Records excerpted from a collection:
──────
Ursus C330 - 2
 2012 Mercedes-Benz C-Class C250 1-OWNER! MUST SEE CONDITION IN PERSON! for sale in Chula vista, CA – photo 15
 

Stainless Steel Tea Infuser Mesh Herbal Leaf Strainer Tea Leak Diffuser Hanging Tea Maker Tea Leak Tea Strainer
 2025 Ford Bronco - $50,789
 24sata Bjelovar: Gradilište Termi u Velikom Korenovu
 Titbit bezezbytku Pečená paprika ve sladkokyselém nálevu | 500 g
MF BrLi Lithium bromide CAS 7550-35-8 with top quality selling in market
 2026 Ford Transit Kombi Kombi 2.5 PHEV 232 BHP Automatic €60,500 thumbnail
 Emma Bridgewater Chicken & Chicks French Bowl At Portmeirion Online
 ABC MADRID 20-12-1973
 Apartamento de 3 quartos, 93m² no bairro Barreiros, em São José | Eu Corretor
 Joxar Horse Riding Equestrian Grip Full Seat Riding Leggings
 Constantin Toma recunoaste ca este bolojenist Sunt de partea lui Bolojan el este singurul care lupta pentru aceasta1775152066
──────
PROBLEM TO SOLVE: If a line of the data contains the word "Ford", count it; say how many such lines there are and nothing else.

SOLUTION FOR THIS TASK: 2